Bu sırada Lady Di kararlı karakterini ilk kez gösterdi. Gelenekleri hiçe sayarak, prenslerin isimlerini kendisi seçti, kraliyet dadısının yardımını reddetti (kendisini işe aldı) ve ailesinin hayatına en yüksek müdahaleyi korumak için mümkün olan her yolu denedi. Fedakar ve şefkatli bir anne, çocuklarını okuldan almasına engel olmayacak şekilde işlerini düzenliyordu. Ve yapılacak inanılmaz miktarda şey vardı!

Kraliyet işleri...

Törende belirtildiği üzere Prenses Diana'nın görevleri arasında yardım etkinliklerine katılmak da vardı. Geleneksel olarak hayırseverlik, kraliyet ailesinin her üyesinin faaliyetidir. Prensler ve prenseslerin hastaneleri, yetimhaneleri, bakımevlerini, yetimhaneleri ve kar amacı gütmeyen kuruluşları himaye etme konusunda uzun bir geçmişi vardır, ancak hiçbir İngiliz hükümdarı bunu Diana kadar tutkuyla yapmamıştır.

AIDS hastalarına yönelik hastaneler ve cüzamlı koloniler de dahil olmak üzere ziyaret edilen kurumların listesini büyük ölçüde genişletti. Prenses, çocukların ve gençlerin sorunlarına çok zaman ayırdı, ancak koğuşları arasında alkolikler ve uyuşturucu bağımlıları için huzurevleri ve rehabilitasyon merkezleri de vardı. Ayrıca Afrika'da mayınların yasaklanması kampanyasını da destekledi.

Prenses Diana, parasını ve kraliyet ailesinin servetini cömertçe iyi amaçlar için harcadı ve aynı zamanda sponsor olarak yüksek sosyeteden arkadaşlarının da ilgisini çekti. Onun yumuşak ama yıkılmaz çekiciliğine direnmek imkansızdı. Bütün yurttaşları ona hayrandı ve Lady Di'nin yurt dışında da pek çok hayranı vardı. "Dünyanın en ciddi hastalığı, içinde sevginin az olmasıdır" diye sürekli tekrarlıyordu. Aynı zamanda Diana, kendi kalıtsal hastalığı olan bulimia (yeme bozukluğu) ile başarısız bir şekilde mücadele etti ve gergin deneyimler ve stresin arka planında, kendini dizginlemek bir işkenceydi.

...ve aile meseleleri

Aile hayatının mutsuz olduğu ortaya çıktı. Diana'nın düğünden sonra öğrendiği Charles'ın evli bir kadın olan Leydi Camilla Parker-Bowles ile uzun süreli ilişkisi 80'lerin ortalarında yeniden başladı. Hakarete uğrayan Diana, binicilik eğitmeni James Hewitt ile yakınlaştı. Eşler ve sevgililer arasındaki tartışmalı telefon konuşmalarının kayıtlarının basına sızdırılmasıyla gerginlik arttı. Bunu, Charles ve Diana'nın sendikalarının bozulmasından birbirlerini suçladıkları çok sayıda röportaj izledi. Prenses üzgün bir şekilde "Evliliğimde çok fazla insan vardı" diye şaka yaptı.
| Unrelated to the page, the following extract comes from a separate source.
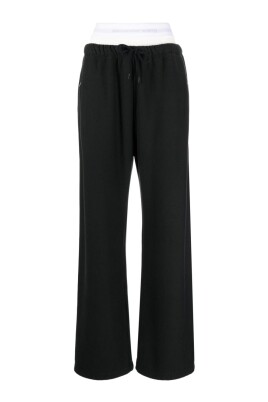 black-trousers-stylish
Öfkeli kraliçe, oğlunun boşanmasını hızlandırmaya çalıştı. Belgeler 28 Ağustos 1996'da imzalandı ve o andan itibaren Prenses Diana, Majesteleri'ne hitap etme hakkını kaybetti. Kendisi her zaman hüküm süren hükümdarın karısı değil, yalnızca insanların kalplerinin kraliçesi olmak istediğini söylerdi. Boşandıktan sonra Diana kendini biraz daha özgür hissetti, ancak hayatı hala protokole göre yönetiliyordu: o, veliaht prensin eski karısı ve iki varisin annesiydi. Onu bir aile görünümünü korumaya ve kocasının sadakatsizliklerine tahammül etmeye zorlayan şey oğullarına olan sevgisiydi: “Her normal kadın uzun zaman önce ayrılırdı. Ama yapamadım. Oğullarım var." Skandalın doruğundayken bile Lady Di hayır işlerinden vazgeçmedi.
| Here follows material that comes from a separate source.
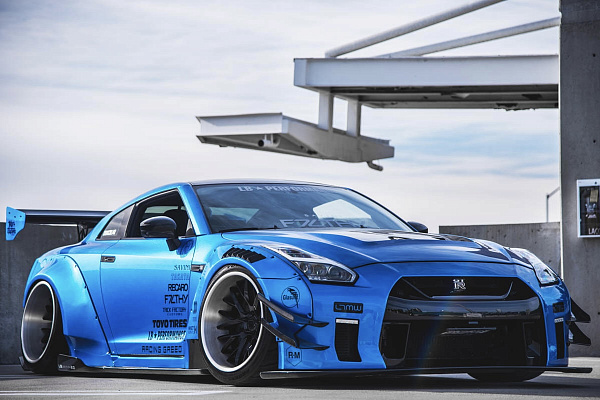 Nissan GTR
Boşandıktan sonra Diana hayır işlerinden vazgeçmedi ve gerçekten dünyayı daha iyiye doğru değiştirmeyi başardı. Enerjisini AIDS ve kanserle mücadeleye yönlendirdi, kalp rahatsızlığı olan çocuklara yardımda bulundu.

Bu sırada prenses, Pakistan kökenli bir cerrah olan Hasnat Khan ile tutkulu bir ilişki yaşadı. Khan çok dindar bir aileden geliyordu ve aşık olan Diana, sevgilisiyle evlenebilmek için ciddi olarak İslam'a geçmeyi düşünüyordu. Ne yazık ki iki kültür arasındaki çelişkiler çok büyüktü ve Haziran 1997'de çift ayrıldı. Sadece birkaç hafta sonra Lady Di, Mısırlı bir multimilyonerin oğlu olan yapımcı Dodi Al-Fayed ile çıkmaya başladı.

Rüzgârda yanan bir mum gibi yaşadın hayatını...

31 Ağustos 1997'de Diana ve Dodi Paris'teydi. Paparazzili arabaların onları takip etmesi üzerine otelden arabayla ayrıldılar. Takipten kaçmak isteyen sürücü direksiyon hakimiyetini kaybederek beton köprü desteğine çarptı. Kendisi ve Dodi Al-Fayed olay yerinde hayatını kaybetti, Diana hastaneye kaldırıldı ve iki saat sonra orada öldü. Kazadan sağ kurtulan tek kişi olan koruma Trevor Rhys-Jones'un olaylara dair hiçbir anısı yoktur.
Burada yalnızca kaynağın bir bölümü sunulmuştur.